Nursing home Medicaid is a program administered by the State of Georgia and funded by the Federal government to provide coverage for nursing home care. Applicants for nursing home Medicaid must show both: that they have a medical condition that requires skilled level nursing home and meet financial limits on both the income and assets that can be retained and still receive nursing home level care. Information on these requirements can be found in the Medicaid Planning section of this website.
To be approved for Medicaid, an applicant must file a Medicaid application with DFACS. This can be done either online or by mail. At first glance, the application seems easy, as it is only a few pages of questions. But, like many things, the complexity is in the details. There are significant requirements in terms of the form of documentation that must be provided to support the answers to the questions on the application. If the documents provided raise additional questions for the Medicaid caseworker reviewing the application, additional documentation is required to answer such questions. Lastly, bank statements and other documents must be scrutinized to ensure that there were no gifts or other transfers subject to penalty made within sixty months before the date of application.
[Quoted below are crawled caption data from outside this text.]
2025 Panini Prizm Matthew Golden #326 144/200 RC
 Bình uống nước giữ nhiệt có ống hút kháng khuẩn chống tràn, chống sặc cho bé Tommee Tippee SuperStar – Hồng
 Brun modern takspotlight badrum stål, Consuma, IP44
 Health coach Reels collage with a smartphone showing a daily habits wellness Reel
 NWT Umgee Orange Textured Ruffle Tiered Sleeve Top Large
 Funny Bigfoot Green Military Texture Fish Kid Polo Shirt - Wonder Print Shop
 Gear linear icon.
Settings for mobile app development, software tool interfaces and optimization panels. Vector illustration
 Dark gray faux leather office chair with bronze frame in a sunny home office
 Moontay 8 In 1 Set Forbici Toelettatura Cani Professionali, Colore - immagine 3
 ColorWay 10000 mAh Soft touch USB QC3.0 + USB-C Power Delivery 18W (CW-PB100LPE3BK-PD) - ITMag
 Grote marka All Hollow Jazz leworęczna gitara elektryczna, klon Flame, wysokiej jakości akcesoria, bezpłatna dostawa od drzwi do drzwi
Most nursing homes will offer to submit the nursing home Medicaid application for the nursing home resident. This is typically not beneficial for the Medicaid applicant, as in an attempt to get paid as quick as possible, the nursing home may fail to consider the issues outlined above. This can result in a denial of nursing home Medicaid benefits and a possible penalty precluding the award of benefits for months or even years in the future.
The nursing home should only be permitted to file the application for Medicaid if the applicant is very certain that:
• Current Medicaid rules on assets and income are satisfied.
• There were no transfers in the last sixty months.
• The income of the Medicaid applicant is below the Medicaid threshold.
• The Medicaid applicant does not have any assets that need to be protected from a Medicaid lien. This is common when the Medicaid applicant has a house.
As is evident from the list above, the times where the nursing home can be trusted to submit the Medicaid application are very rare. For all other applications, the services of an experienced elder law attorney should be used. The investment in hiring an attorney will be recouped by protection of the assets of the Medicaid applicant and faster Medicaid approval.